Bagwell balaie fermement les accusations de discrimination positives ou « politiques wokistes », attribuant le déficit au « réductions drastiques des effectifs sur plusieurs décennies, sans tenir compte des conséquences ». Dans un post-scriptum virulent, il s’en est pris aux détracteurs : « À tous ceux qui veulent en faire une affaire de diversité et d’inclusion, vous avez tort. Je me réjouis que ce soient les Indiens qui viennent à notre secours – ça doit bien vous faire mal. »

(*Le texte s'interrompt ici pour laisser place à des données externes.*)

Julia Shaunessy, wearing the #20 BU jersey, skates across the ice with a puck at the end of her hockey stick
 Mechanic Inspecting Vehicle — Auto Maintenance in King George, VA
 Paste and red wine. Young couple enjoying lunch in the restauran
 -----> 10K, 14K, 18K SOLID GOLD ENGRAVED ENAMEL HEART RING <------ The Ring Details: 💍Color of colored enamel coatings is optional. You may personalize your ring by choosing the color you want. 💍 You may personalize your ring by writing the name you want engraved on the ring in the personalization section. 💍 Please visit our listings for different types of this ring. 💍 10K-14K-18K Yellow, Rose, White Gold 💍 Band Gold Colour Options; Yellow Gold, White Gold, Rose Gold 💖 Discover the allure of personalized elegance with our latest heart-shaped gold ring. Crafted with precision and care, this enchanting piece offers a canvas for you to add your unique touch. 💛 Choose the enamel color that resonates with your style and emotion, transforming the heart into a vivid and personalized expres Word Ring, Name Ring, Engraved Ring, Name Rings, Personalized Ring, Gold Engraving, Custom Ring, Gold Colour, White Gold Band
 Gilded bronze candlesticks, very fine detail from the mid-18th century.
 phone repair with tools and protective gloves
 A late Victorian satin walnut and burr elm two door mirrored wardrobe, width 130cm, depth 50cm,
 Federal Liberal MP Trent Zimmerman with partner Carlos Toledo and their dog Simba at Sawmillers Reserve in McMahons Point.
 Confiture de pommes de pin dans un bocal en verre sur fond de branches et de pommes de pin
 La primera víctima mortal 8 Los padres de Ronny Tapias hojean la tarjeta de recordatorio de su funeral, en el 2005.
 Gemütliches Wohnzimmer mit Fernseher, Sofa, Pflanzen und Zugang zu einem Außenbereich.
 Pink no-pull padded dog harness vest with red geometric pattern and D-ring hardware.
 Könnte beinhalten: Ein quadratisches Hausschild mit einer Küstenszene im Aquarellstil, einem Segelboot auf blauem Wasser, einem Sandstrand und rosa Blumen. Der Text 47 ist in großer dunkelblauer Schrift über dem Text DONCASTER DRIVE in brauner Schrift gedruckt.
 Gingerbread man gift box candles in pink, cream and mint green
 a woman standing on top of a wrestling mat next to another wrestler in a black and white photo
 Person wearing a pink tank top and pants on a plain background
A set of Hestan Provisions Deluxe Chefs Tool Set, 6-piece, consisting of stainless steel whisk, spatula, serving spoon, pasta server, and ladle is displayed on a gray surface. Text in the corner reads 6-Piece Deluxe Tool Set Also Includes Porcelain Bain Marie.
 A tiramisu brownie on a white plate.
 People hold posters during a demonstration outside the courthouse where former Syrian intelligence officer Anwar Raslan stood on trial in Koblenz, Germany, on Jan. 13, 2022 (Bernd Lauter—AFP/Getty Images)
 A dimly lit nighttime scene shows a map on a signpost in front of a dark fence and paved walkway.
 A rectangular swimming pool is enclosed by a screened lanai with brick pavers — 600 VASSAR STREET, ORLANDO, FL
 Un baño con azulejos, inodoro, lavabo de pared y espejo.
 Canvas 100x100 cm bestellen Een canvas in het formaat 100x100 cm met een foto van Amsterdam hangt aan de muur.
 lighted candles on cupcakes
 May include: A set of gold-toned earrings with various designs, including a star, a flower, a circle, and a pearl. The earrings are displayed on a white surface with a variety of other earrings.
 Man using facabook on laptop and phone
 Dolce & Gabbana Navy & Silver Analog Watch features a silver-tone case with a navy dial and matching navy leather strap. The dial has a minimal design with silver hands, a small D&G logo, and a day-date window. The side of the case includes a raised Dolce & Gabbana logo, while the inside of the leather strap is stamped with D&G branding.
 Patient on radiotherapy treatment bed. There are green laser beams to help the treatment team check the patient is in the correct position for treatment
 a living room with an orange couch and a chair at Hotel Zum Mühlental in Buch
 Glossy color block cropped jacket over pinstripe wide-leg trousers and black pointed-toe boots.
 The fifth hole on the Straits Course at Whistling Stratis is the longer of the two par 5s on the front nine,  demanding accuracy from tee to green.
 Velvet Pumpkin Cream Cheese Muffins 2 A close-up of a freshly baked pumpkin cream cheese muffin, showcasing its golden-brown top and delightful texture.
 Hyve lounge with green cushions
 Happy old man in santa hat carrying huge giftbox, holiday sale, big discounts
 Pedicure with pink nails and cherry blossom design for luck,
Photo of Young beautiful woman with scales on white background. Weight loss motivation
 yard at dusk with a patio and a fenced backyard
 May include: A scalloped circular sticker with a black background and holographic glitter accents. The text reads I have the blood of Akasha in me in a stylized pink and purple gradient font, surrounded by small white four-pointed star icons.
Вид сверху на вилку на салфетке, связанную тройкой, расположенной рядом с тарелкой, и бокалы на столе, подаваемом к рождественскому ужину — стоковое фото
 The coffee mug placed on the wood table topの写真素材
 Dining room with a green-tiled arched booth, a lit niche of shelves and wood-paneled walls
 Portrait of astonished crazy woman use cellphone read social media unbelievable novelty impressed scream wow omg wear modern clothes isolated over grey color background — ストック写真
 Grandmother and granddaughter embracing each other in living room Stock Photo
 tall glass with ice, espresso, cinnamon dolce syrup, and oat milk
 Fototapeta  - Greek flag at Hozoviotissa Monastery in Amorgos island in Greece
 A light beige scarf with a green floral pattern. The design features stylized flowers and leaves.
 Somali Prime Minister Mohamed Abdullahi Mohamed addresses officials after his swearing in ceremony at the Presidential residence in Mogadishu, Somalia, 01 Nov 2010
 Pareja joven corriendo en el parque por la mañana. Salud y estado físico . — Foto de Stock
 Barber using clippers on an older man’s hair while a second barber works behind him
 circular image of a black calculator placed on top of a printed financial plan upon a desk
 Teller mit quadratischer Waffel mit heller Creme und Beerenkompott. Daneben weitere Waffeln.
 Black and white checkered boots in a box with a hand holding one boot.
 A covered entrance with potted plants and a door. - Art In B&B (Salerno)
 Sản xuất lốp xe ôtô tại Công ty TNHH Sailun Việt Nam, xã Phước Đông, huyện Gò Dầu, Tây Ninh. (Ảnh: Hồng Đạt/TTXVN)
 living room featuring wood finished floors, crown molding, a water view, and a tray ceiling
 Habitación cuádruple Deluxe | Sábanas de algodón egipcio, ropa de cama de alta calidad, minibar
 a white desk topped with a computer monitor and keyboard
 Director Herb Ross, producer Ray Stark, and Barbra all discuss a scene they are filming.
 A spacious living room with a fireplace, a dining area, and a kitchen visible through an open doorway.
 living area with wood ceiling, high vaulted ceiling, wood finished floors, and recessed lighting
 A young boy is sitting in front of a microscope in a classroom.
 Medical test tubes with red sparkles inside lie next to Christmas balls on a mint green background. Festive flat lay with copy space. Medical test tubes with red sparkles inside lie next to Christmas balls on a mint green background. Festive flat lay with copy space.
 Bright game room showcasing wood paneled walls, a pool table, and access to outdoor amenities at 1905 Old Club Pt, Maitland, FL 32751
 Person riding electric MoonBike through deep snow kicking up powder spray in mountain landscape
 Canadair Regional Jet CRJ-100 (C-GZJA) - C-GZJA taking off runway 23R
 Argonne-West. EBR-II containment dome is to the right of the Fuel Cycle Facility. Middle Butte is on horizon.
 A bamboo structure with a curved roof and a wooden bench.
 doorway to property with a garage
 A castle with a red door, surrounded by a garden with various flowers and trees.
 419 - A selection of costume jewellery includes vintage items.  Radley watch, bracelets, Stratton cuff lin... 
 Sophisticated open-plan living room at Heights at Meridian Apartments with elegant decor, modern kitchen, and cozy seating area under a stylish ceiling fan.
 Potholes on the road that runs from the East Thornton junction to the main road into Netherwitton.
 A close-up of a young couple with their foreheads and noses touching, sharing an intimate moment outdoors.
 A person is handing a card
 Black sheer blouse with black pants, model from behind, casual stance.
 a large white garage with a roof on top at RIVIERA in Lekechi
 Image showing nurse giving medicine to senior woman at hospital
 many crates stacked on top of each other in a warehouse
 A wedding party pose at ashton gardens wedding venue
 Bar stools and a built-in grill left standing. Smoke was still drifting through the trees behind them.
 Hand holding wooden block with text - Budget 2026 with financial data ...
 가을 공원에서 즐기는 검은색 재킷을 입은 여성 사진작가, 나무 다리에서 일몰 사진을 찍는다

Au-delà du simple comblement des capacités d’instruction, ce partenariat symbolise une convergence stratégique plus profonde. Signé début 2025, il souligne les intérêts communs en matière d’interopérabilité et de montée en capacités, avec une perspective d’échanges réciproques et de transfert technologique. Comme l’a ironiquement résumé un ancien officier de la RAF : « Nous avons formé le monde à voler, mais désormais nous ne savons plus former les nôtres. » Pour l’Inde, cette collaboration renforce le prestige international de l’IAF, forgé notamment par des exercices d’élite comme le « Surprise Boom Drill » simulant les situations de chaos en cockpit.